Activity:
Please write every entry out again, exactly as it reads below.

Information given:
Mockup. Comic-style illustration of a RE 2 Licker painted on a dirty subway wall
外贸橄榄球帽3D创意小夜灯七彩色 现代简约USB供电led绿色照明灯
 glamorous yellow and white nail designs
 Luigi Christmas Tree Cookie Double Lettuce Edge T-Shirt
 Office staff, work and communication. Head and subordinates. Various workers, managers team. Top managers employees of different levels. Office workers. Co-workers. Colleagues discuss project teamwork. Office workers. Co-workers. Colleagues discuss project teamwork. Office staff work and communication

Response area:
Mockup. Comic-style illustration of a RE 2 Licker painted on a dirty subway wall
外贸橄榄球帽3D创意小夜灯七彩色 现代简约USB供电led绿色照明灯
 glamorous yellow and white nail designs
 Luigi Christmas Tree Cookie Double Lettuce Edge T-Shirt
 Office staff, work and communication. Head and subordinates. Various workers, managers team. Top managers employees of different levels. Office workers. Co-workers. Colleagues discuss project teamwork. Office workers. Co-workers. Colleagues discuss project teamwork. Office staff work and communication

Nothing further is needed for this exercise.